What the exercise asks: Print nothing but the lines below starting at the line that holds "86-88 Toyota Supra" and ending at the line that holds "OPEL Crossland X", including both, each exactly as written.

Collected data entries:
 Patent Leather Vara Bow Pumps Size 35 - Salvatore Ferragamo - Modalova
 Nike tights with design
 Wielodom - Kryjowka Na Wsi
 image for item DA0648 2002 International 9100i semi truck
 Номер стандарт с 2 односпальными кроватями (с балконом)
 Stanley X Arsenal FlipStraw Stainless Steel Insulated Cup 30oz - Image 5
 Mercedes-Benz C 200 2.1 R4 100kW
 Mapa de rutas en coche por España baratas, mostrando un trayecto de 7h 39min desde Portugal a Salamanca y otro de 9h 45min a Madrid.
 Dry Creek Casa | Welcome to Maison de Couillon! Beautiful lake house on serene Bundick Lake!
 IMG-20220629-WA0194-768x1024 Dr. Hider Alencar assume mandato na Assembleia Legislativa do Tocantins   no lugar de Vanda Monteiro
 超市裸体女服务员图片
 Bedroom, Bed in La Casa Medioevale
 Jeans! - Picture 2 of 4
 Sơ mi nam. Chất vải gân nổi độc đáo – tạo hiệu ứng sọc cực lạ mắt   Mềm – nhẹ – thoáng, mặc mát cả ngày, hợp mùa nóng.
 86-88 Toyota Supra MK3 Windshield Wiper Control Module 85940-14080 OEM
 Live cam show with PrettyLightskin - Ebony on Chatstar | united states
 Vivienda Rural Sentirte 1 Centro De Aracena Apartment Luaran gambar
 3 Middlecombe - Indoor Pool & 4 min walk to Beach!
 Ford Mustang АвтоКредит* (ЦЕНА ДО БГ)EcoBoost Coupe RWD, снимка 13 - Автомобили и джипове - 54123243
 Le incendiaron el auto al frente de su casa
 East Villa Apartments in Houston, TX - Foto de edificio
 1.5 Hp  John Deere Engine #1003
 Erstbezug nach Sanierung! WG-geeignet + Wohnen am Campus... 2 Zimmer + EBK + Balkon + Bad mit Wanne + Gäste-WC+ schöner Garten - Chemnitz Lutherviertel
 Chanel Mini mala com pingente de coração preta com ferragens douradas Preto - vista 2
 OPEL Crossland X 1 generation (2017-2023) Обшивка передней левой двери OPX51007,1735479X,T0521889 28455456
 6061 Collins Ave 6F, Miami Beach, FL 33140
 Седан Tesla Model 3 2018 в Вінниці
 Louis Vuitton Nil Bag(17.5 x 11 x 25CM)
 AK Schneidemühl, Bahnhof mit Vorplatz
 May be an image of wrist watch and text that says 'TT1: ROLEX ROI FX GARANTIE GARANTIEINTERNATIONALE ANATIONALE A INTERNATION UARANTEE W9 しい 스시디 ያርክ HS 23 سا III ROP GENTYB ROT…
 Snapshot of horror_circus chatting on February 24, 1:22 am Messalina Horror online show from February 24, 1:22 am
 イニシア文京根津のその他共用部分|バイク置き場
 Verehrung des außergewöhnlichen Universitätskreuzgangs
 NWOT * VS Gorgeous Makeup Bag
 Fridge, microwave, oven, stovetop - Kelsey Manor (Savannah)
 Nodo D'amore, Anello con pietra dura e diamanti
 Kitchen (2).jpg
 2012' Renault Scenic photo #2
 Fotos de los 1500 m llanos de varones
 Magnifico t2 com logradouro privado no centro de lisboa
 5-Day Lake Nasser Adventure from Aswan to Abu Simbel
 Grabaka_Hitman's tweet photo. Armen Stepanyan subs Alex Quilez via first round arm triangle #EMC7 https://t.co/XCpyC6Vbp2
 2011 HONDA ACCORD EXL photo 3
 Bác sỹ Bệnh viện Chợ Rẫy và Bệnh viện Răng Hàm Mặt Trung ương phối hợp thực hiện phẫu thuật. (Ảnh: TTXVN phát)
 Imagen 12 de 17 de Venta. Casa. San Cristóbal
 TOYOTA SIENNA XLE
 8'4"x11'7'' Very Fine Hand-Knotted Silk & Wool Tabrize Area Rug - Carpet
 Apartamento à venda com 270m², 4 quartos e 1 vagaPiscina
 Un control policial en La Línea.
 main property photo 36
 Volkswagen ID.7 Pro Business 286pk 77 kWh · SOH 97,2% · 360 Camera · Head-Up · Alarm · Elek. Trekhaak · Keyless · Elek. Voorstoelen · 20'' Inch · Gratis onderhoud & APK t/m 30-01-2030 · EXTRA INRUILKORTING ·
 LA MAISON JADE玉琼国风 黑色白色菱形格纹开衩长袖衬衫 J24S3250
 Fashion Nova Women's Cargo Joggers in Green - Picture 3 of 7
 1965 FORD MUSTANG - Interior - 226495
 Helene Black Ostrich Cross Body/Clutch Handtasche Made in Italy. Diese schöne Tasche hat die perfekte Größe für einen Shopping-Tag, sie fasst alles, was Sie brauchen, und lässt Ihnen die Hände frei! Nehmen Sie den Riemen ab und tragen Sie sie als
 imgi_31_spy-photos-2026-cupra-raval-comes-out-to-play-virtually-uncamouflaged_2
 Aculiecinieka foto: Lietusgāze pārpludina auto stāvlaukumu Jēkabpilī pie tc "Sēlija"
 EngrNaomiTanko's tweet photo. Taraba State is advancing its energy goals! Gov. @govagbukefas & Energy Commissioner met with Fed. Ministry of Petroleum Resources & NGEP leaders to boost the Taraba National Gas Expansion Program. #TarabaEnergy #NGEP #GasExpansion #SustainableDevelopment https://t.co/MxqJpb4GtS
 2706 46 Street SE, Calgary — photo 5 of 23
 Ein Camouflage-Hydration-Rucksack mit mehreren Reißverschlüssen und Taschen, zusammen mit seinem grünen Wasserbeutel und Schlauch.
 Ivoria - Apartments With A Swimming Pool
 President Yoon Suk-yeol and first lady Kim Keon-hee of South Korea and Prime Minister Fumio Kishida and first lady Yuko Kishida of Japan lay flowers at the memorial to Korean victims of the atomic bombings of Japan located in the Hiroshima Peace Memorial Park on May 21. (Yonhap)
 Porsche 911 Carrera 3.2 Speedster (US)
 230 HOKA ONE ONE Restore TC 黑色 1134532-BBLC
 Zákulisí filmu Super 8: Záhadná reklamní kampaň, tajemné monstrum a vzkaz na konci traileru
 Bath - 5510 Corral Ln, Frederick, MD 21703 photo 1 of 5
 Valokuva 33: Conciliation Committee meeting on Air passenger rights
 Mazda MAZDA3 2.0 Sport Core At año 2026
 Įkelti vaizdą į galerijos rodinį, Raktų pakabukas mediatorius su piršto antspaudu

Exercise result:
 86-88 Toyota Supra MK3 Windshield Wiper Control Module 85940-14080 OEM
 Live cam show with PrettyLightskin - Ebony on Chatstar | united states
 Vivienda Rural Sentirte 1 Centro De Aracena Apartment Luaran gambar
 3 Middlecombe - Indoor Pool & 4 min walk to Beach!
 Ford Mustang АвтоКредит* (ЦЕНА ДО БГ)EcoBoost Coupe RWD, снимка 13 - Автомобили и джипове - 54123243
 Le incendiaron el auto al frente de su casa
 East Villa Apartments in Houston, TX - Foto de edificio
 1.5 Hp  John Deere Engine #1003
 Erstbezug nach Sanierung! WG-geeignet + Wohnen am Campus... 2 Zimmer + EBK + Balkon + Bad mit Wanne + Gäste-WC+ schöner Garten - Chemnitz Lutherviertel
 Chanel Mini mala com pingente de coração preta com ferragens douradas Preto - vista 2
 OPEL Crossland X 1 generation (2017-2023) Обшивка передней левой двери OPX51007,1735479X,T0521889 28455456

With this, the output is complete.